ZG: We pretty much spent our savings on it, which was intended for this record. Thankfully Jeremy said, “Just come here and we’ll make a record. We’ll deal with the money later.” Which was amazing. He had so much compassion and grace. He’s an artist as well, and he’s been on the road, and he’s been there. Between the transmission problems and being on the road together for two months, it was a lot, but me and Jeremy got down to talking and he mentioned this word, “heartwork”. He said you’ve got to work on yourselves and being loving and supportive to yourselves and to others, like a family. That word stuck with me, and it felt heavy. We were going through the ringer, emotionally. We’d been away from our partners for months. Boom, the song “Heartwork” came along, and it’s so relevant to learning those lessons of the road.

HMS: It’s really clear from this that the story of making this album is as much a part of the road as the album itself. That’s crazy! If you hadn’t been working with someone like Jeremy, the problems of the road would have kept the EP from even coming about.

ZG: No doubt. It’s so great, also, to have the ear and an honest opinion from someone you really trust like Jeremy. The vibe of the studio and the interactions effected the other songs, too. The energy in the room really contributes to what you’re laying down on the track. These songs were live takes. Cody does organ and piano, and for recording purposes, he’d do one for the live take, then add the other. Jeremy was like a coach, making little suggestions. 

HMS: The first story you told, saying that he went away to do his service and let you all just work in the studio, says a lot about him, too. He believed in you! I actually thought that the song “Heartwork” sounded a little Soul or Gospel in places, and that fits right in.

ZG: Towards the end of that track, there’s a kind of group chant, “Heartwork is hard, hard work.” Isn’t that the truth! Jeremy sang on that with us, and it was great. We got into a room around a big condenser mic, and this was the culmination of the record. Everything else was already finished, and this was the last day in the studio. It was such a great inspirational feeling.

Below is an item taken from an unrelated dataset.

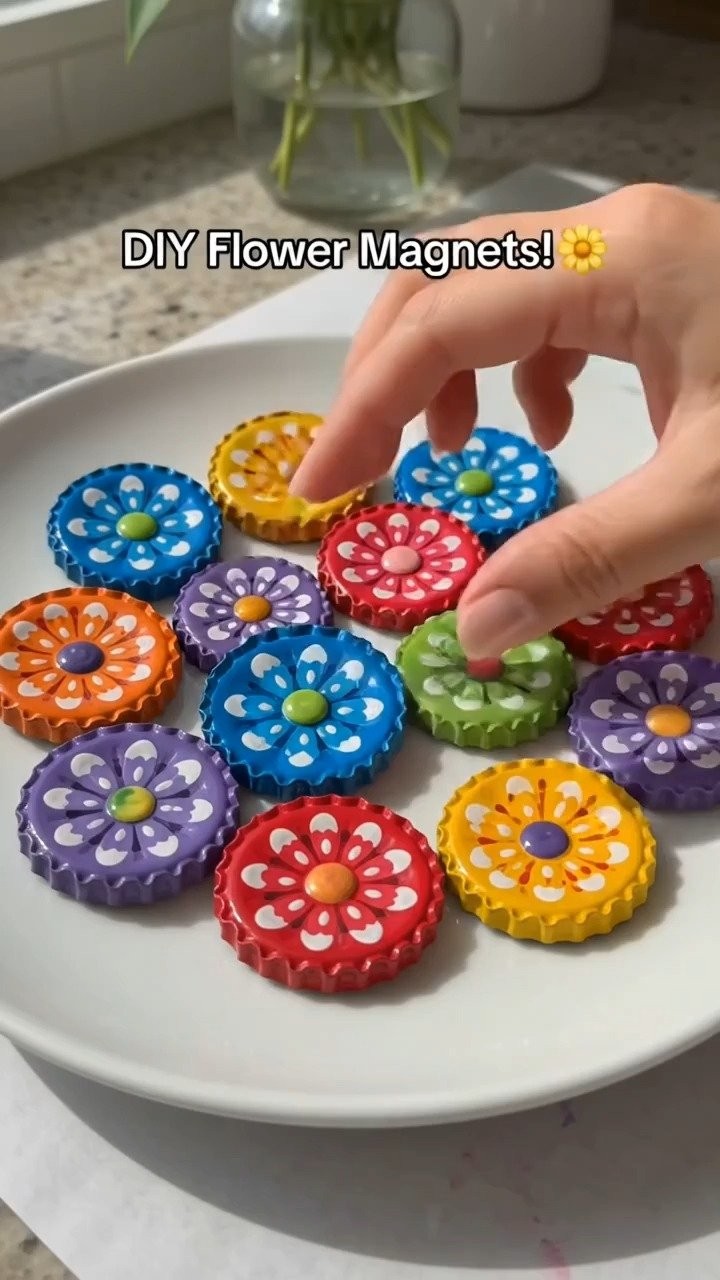Flaschenverschluss-Blumenmagnet verwandelt recycelte Flaschenverschlüsse in charmante Blumenmagneten voller buntem Charme ✨ Speichern Sie dieses Projekt!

HMS: Are these songs that you all have played live yet?

ZG: We like to try things out before we set them in stone. For “This Road”, we played it in different ways, with different variations, parts, and sections, before we went to record it. We did that for live audiences while on the road. We took notes and discussed them. These songs will evolve through live performances, aside from “Heartwork” which was written in the studio. As of now, we have performed all of them live at some point.

HMS: Obviously, the song “This Road” is your title track, but why do you think that one is so full on this album, as a ten-minute song? Had more development gone into it?

ZG: We had written “This Road” long before we came up with the record title. In discussion, we weren’t sure if we’d name the record that. We were also pretty passionate about “Jenny” and “Heartwork” being featured tracks, which we have released as singles. But “The Road” ended up being a connection between all of the songs and the inspiration behind all the music that’s on the record. So it’s a connector rather than really a featured track. 

The song itself is one that we love, and has a Blues inspiration, which is my background in Memphis, Tennessee. I was raised on The Blues and started playing music on Beale Street. It’s part of my heritage and part of my story. The other guys in the band come from more of a Folk and Jam background and are inspired by The Grateful Dead and The Allman Brothers, but those all have a foundation in the Blues, too. So that’s our foundation, too. Half-way through the song, it kind of drops out into what we like to call “outer space.” It’s like you’re floating. You’re just out there. That’s just who we are and it was cool to tie that element in with Blues and some cool lyrics that mean a lot to us from our stories on the road. It is ten minutes! We’re not interested in creating music that fits into a particular box.  We want to be honest and transparent about who we are and I think “This Road” does a great job of that.